The veteran slugger was a rental piece in 2019, but could he be beneficial to the 2020 campaign?

MLB: ALCS-Houston Astros at New York Yankees Brad Penner-USA TODAY Sports

The Yankees officially declined Edwin Encarnacion’s $20 million option year for 2020, electing instead to pay him a $5 million buyout. This means that Encarnacion is another member of the free agent pool, welcome to sign wherever he pleases. Though the Yankees didn’t have any interest in bringing Encarnacion back at his original contract’s salary, and likely wouldn’t have even if he somehow earned World Series MVP honors in an electric postseason performance, that doesn’t mean that his time in pinstripes is over just yet.

New York is under no restrictions from signing Encarnacion to come back on a cheaper deal, and it’s worth entertaining the idea of what Encarnacion could be worth to the team in a full season with the squad.

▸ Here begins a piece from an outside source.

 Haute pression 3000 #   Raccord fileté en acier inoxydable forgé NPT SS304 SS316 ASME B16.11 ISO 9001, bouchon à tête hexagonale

Technically listed as a first baseman and designated hitter, Encarnacion is almost assuredly going to be signed by someone to be a primary DH. This inherently limits his market to American League teams only, and of the playoff-caliber teams only a select few like the Rays would be looking to add a bat like his to their lineup. This means that there shouldn’t be any sort of bidding war, and the price tag should be low enough to justify interest from Brian Cashman and company, even though it isn’t an area of need similar to how the front office went for the trade that brought Encarnacion to New York in the first place.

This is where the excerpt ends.